Nick Cave, the Jews, and “Lashon Hara”

 Nick Cave is not known for giving safe, sanitized answers, and that is exactly why his project The Red Hand Files has become such a compelling space. Through it, Cave responds directly to questions sent by fans from around the world, often selecting a few out of thousands and answering them with unusual honesty, introspection, and sometimes biting clarity.



In a recent entry, Cave chose to answer several short questions in one post. Among them were two particularly pointed challenges regarding his stance on Israel. One question, sent by a reader from the UK, took a cynical tone and suggested that Cave’s position might be financially motivated. The implication was clear: that his support, or even his refusal to conform to cultural boycotts, was driven not by principle, but by profit.

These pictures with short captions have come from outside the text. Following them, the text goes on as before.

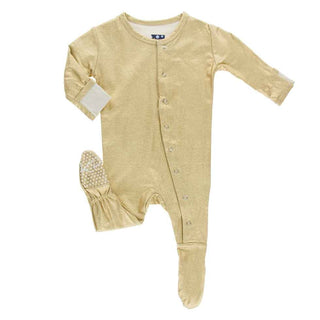 Solid Footie with Snaps EH - Rich Gold Baby & Toddler Sleepwear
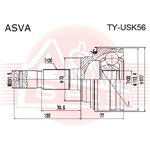 TY-USK56, ШРУС наружный 30x78x36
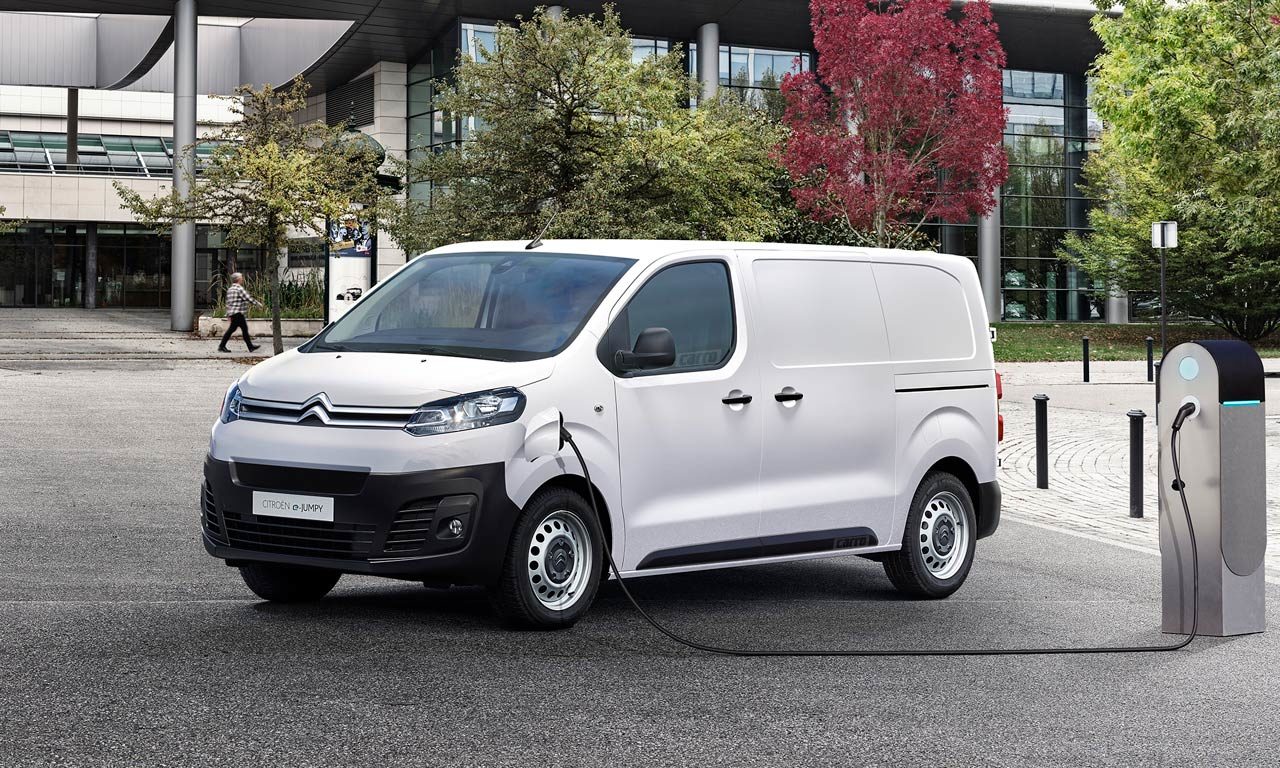 Furgões elétricos Citroën ë-Jumpy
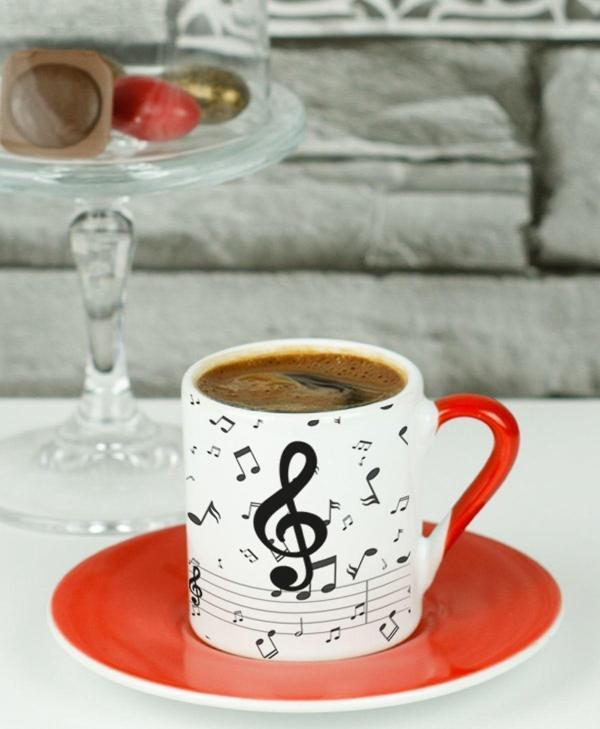 Hediyelen Nota Türk Kahvesi Fincanı Kırmızı - Image 1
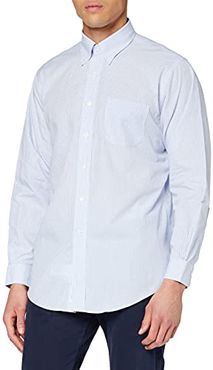 Camicia Regent Manica Lunga, Turchese (Light/Pastel Blue 455), Large (Taglia Produttore:16H 35) Uomo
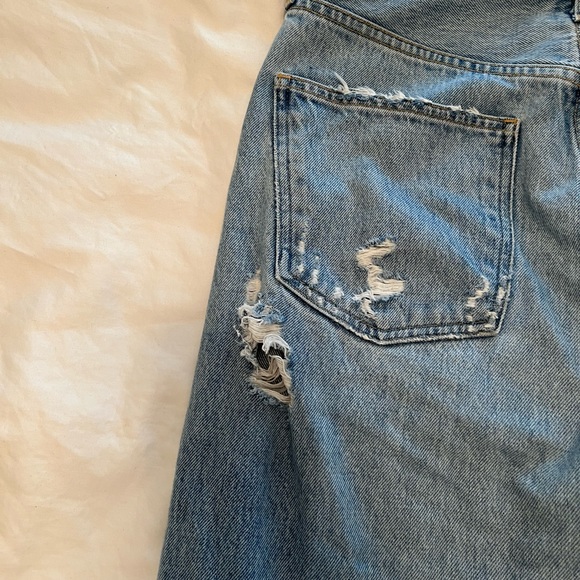Agolde Distressed Jeans Size 27🦋 - Picture 4 of 6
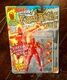 Marvel Super Heroes Fantastic Four HUMAN TORCH Figure w/Fireball Flinging Action
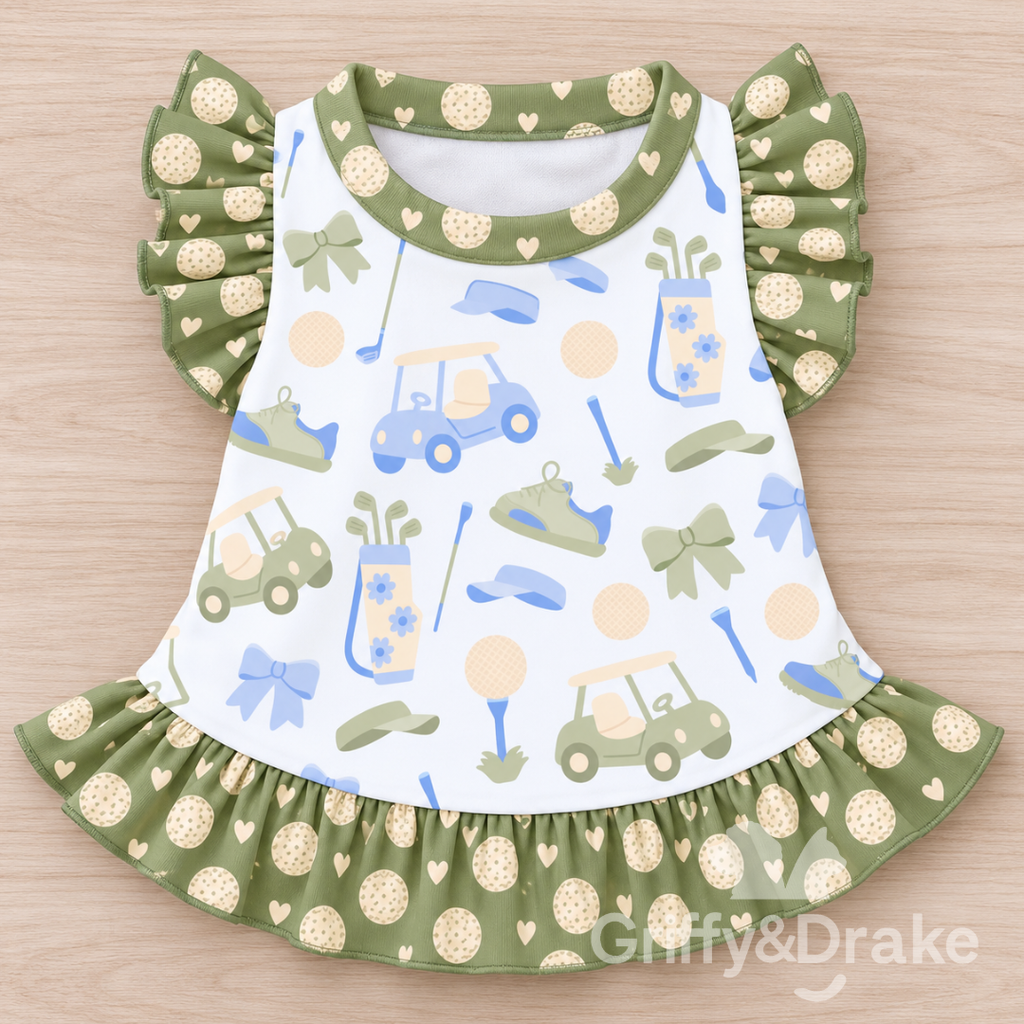 Preorder: Tee Time Ruffle Shirt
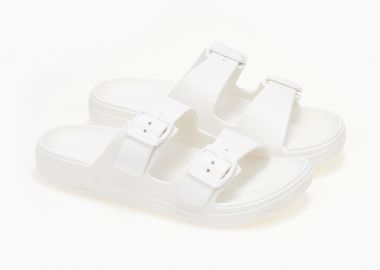 Σαγιονάρες με δυο τόκες - Λευκό - Issue - 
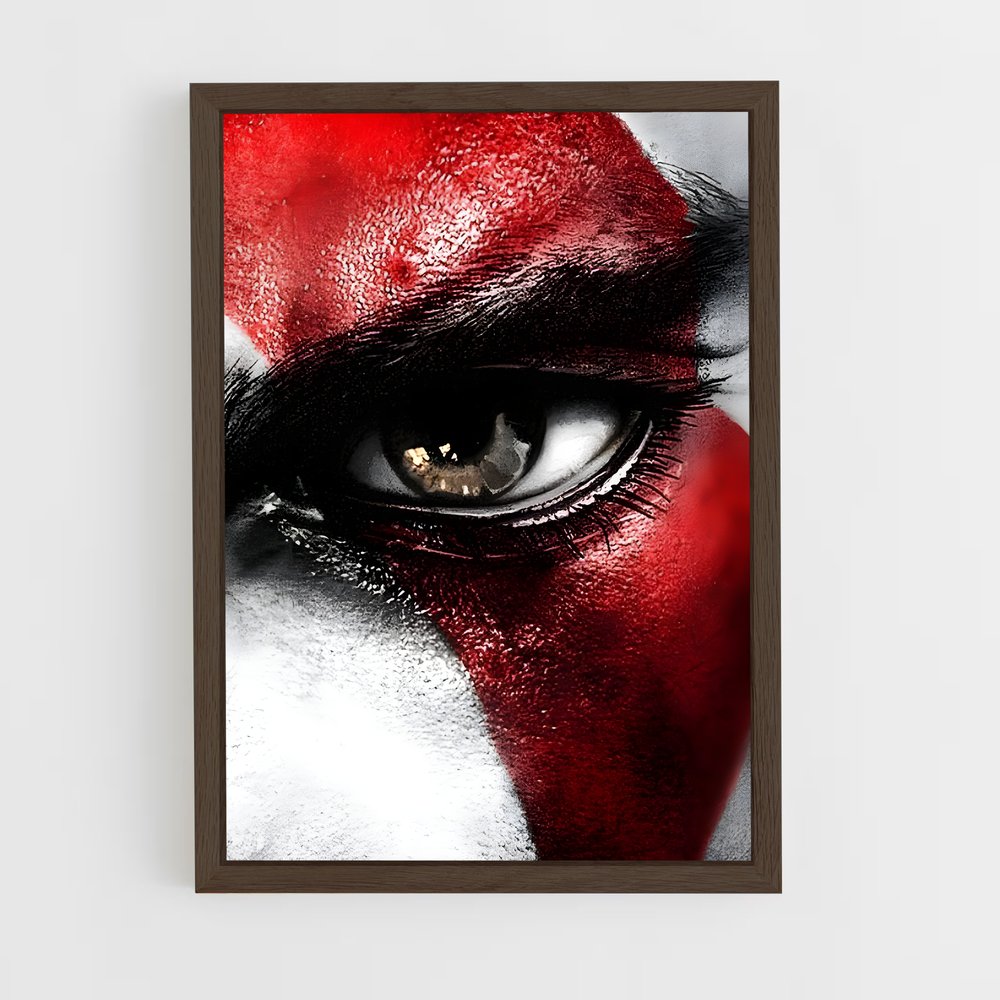 Poster Visage de la Guerre – affiche God of War (vue 5)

The question read like a sarcastic proposal to form a collective of artists who are “neither for nor against crimes against humanity, because making money is sacred.” It was not a neutral inquiry. It was an accusation disguised as irony.

Cave’s response began in an unexpected place, not with politics, but with ethics rooted in Jewish tradition.

He introduced the concept of “Lashon Hara,” a Hebrew term meaning “evil speech” or “speaking ill of others.” In Jewish law, Lashon Hara prohibits saying negative things about others, even if they are true. It is a discipline of restraint, a moral boundary around speech that prioritizes dignity over impulse.

Cave explained that although he and his wife Susie are not Jewish, they have adopted this concept in their daily lives. When one of them begins to speak negatively about someone, the other gently calls it out by saying “Lashon Hara.” It is a way of holding each other accountable and choosing integrity over casual cruelty.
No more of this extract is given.